■ DATASET EXCERPT
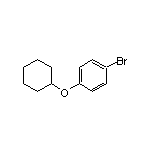 1-溴-4-(环己基氧基)苯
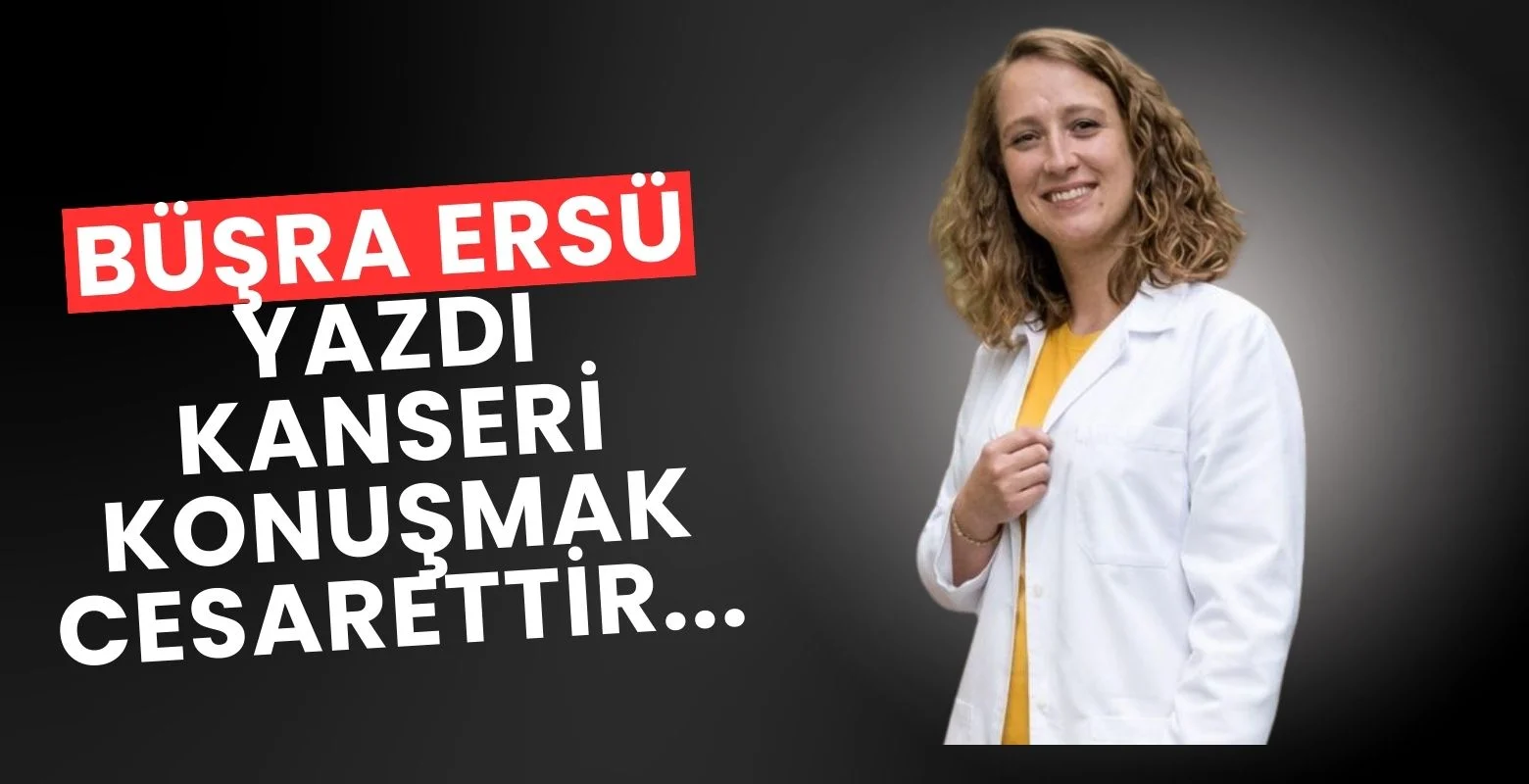 Kanseri Konuşmak Cesarettir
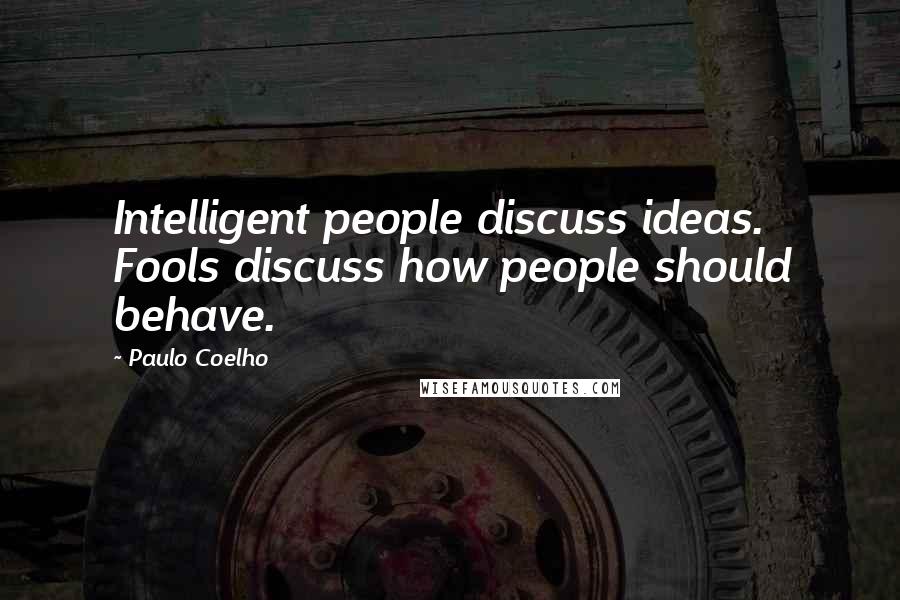 Paulo Coelho Quotes: Intelligent people discuss ideas. Fools discuss how people should behave.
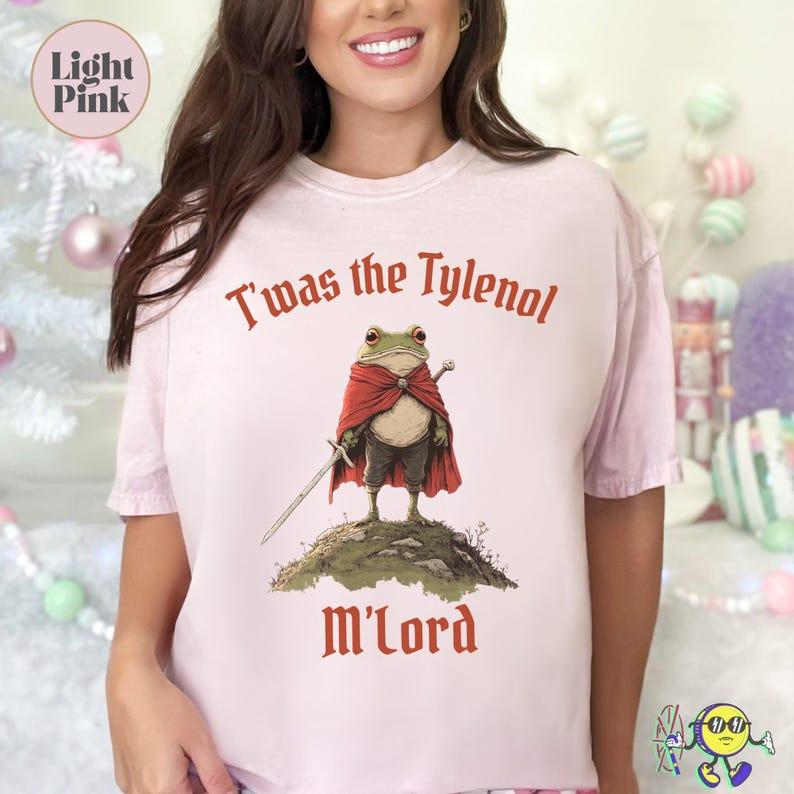 Tylenol shirt, Twas the Tylenol M'lord: Funny Anti RFK Jr Frog Liberal Meme shirt, Anti Trump Tee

■ WORK ORDER
Exclude the pictures from the copy. Retype exactly the lines running from the one containing "Paulo Coelho Quotes: Intelligent" through the last line of the listing.

■ ANSWER TO THIS PROBLEM
 Paulo Coelho Quotes: Intelligent people discuss ideas. Fools discuss how people should behave.
 Tylenol shirt, Twas the Tylenol M'lord: Funny Anti RFK Jr Frog Liberal Meme shirt, Anti Trump Tee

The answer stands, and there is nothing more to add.